What they say: “Literacy, hairdressing, fundraising, photography and PR are just a few of the services offered by the 999 volunteers, as well as the serving of countless cups of tea and toast at our two day centres.”
CCFS offers overnight accommodation, food, shower facilities, and advice throughout the winter period to those living on the streets. Over 30 churches are now involved, some covering the period from November 1 to December 31 and others from January 1 to the end of March.
What they say: “We are always grateful for new volunteers – you don’t have to be a member of any church – and if you feel you would like to help in any way, please contact us.”
Nightwatch provide direct support for homeless people in Croydon through work undertaken solely by volunteers. A different group of volunteers go out every night to offer practical and emotional assistance to those without a home in the borough.
What they say: “Volunteers are involved in different tasks. Some volunteers do not work directly with the homeless, but contribute by making food, buying goods for us, administrative work or fundraising.”
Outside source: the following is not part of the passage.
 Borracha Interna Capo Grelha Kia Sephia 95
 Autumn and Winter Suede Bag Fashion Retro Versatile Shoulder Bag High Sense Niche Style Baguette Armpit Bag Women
GrowTH is a church-based ‘rolling shelter’ running from November 1 to June 1 across seven different venues in Tower Hamlets. They provide free emergency accommodation to street homeless and those at immediate risk of rough sleeping.
What they say: “Our volunteers’ generosity means that we can make a real difference this Christmas and throughout the winter. One of our guests told me that the night he spent in one of our shelters was the first safe, uninterrupted sleep he had had in ages. This makes it all worth it.”
This is not a shelter or a soup kitchen. The cafe helps those affected by homelessness by employing them. Serving delicious homemade food, Skylight Café is a social enterprise that helps their trainees into stable employment.
What they say: “To date, we have helped over 130 people into permanent jobs. Three bookings of 40 people could pay for one trainee to train at Crisis Skylight Cafe to employment level.”
To make a booking contact Cassia Weaver on 020 7426 5676/ email@example.com or visit Skylight Café, 64 Commercial Street, London E1.
Each night during the coldest months of the year, a hall in Hackney is transformed into a shelter for homeless people. Last winter 557 volunteers from around the borough helped run the shelter, making 2191 beds and 4532 meals.
What they say: “Our volunteer rotas are almost full for this winter, but we still need volunteers for overnight and early morning shifts.”
If you would like to volunteer, please fill in and return our Volunteering Form or get in touch via email: firstname.lastname@example.org”
Based in Stoke Newington, the NLAH is a small charity that provides a drop in centre for the homeless. They run a kitchen serving a free three-course vegetarian meal twice a week (Monday lunch: 12pm – 1.30pm, and Wednesday supper: 7pm – 8.30pm).
What they say: “Volunteering at NLAH provides opportunities to get alongside people who are often needy, vulnerable, and sometimes challenging in their behaviour. A sympathetic attitude is more important than experience or knowledge.”